I had a heart monitor put in place today. It is exterior, taped to my, now, shaved and sandpapered chest. It will stay with me for two weeks unless the adhesive gives in and the monitor falls off. There have been heart rate ups and downs for a while, and so the doctor wanted to track them. Having this transmitter taped to my chest makes the issue real. It is disturbing that I might have heart problems. The idea has been in the background of my thoughts for a while, now it is in the forefront.
I have always cooked. I learned from my father, who raised himself. His oldest brother was thirty years older than him. Between them eight other brothers and one sister. He had to cook and sew. As I grew up, he was often in the kitchen; he worked rotating shifts as a cop and because my mom worked also, he often made dinner, or a big breakfast. He frequently made beans and ham, which he had for breakfast the next day. Apparently, while he was in the navy during the war, beans for dinner automatically translated into beans for breakfast (it was WWII and rationing was on, even in the service if you were stationed stateside, which he was). He put sugar on them.
Between his teaching, if only by my observation of him doing it, my many years as a Boy Scout, and my one summer on my own, I became a fair cook. By the end of our first week of marriage, it was silently acknowledged that I would do the cooking. Hence (I love to use that word), I was often in the kitchen helping Lydia’s mom, when we were invited over for dinner. Early in our marriage, Lydia’s mom, Virginia, gave me her copy of The Joy of Cooking. It had been given to her in 1954. I still have it and still use it.
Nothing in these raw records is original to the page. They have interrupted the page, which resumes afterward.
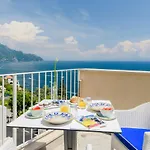 Residenza Al Pesce D'oro Amalfi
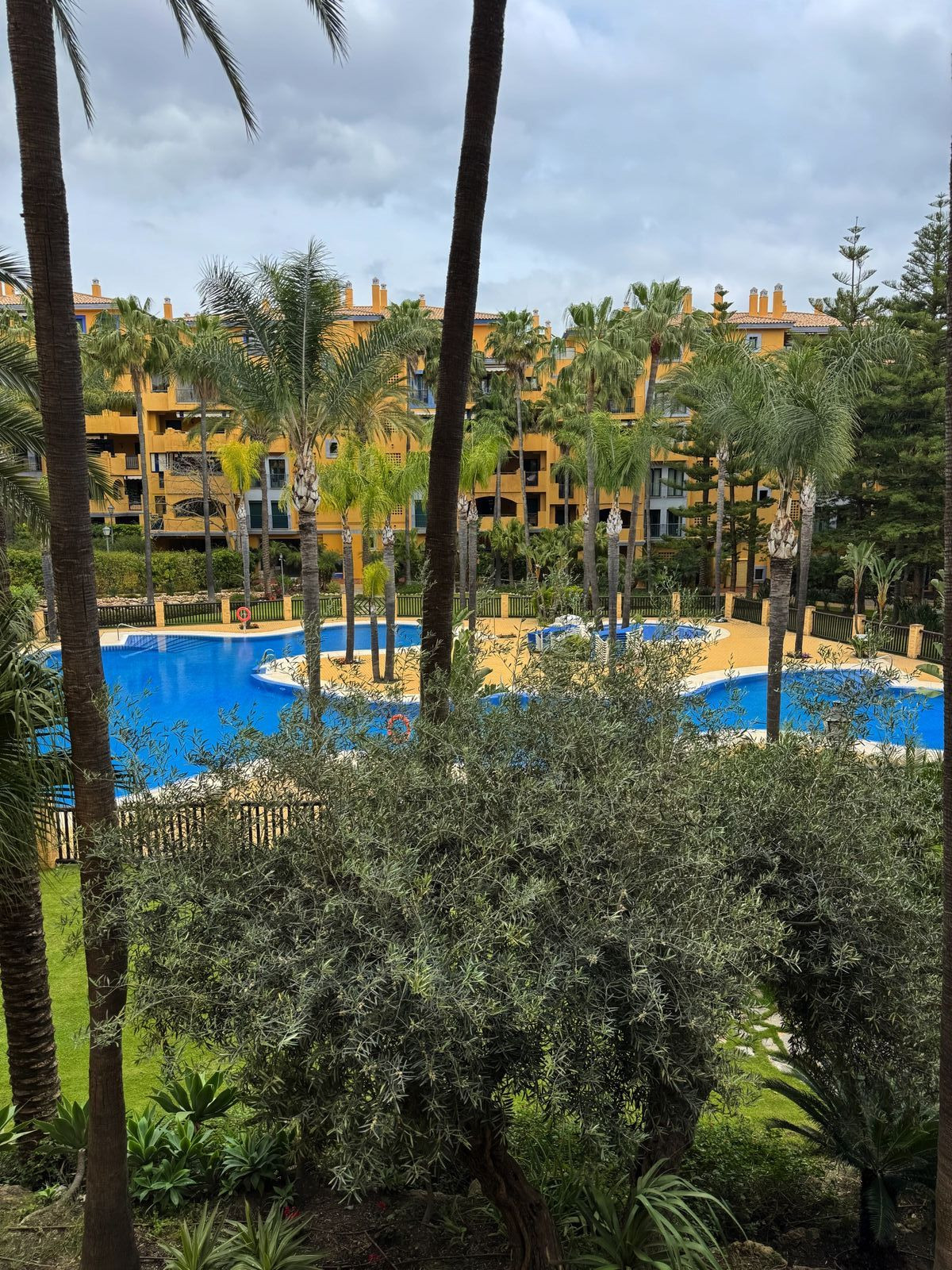 2 Bed Apartment for sale in Cortijo Blanco Costa Del Sol, Málaga, Spain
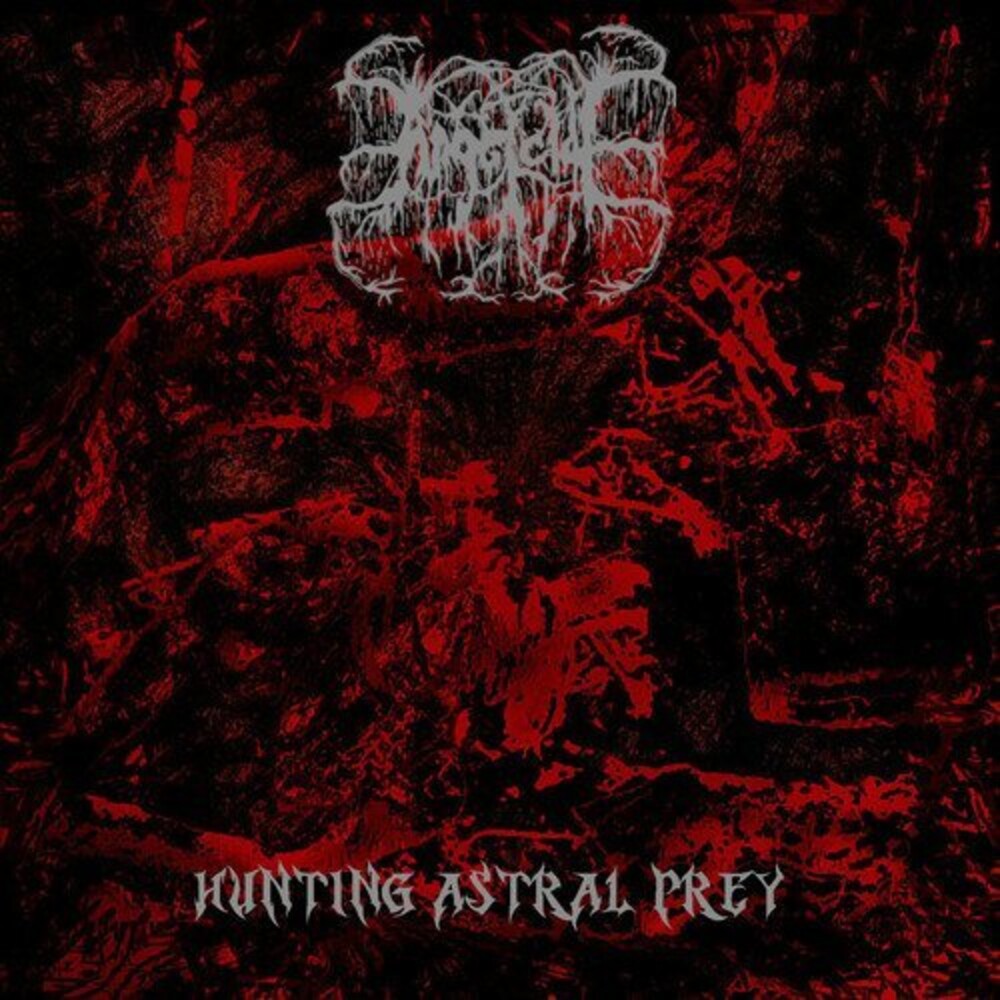 Angelcide - Hunting Astral Prey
When I take it down, it automatically falls open to “gravy”.
I don’t need a cookbook to tell me how to make gravy. I make it for dinner and breakfast. I make brown gravy, sausage gravy, milk gravy, pepper gravy, and redeye gravy.
What I want on that page is a hidden gem from Irma Rombauer, the author. On page 426 of my copy, Irma offers words of advice that speak to the self sufficiency of the young, the struggling, the beginners of this life. Speaking of gravy, she says “if it is not good, make it so.” That is the instruction, the guidance she offers. My wife, the green thumb of the family, says “grow where you’re planted.” Damn, women just know stuff.
So, here I sit, a heart monitor on my chest, an old cookbook in my hand, knowing that it is time to get up and go cook supper. There isn’t any gravy tonight. It won’t need any. It will be good, because I made it so.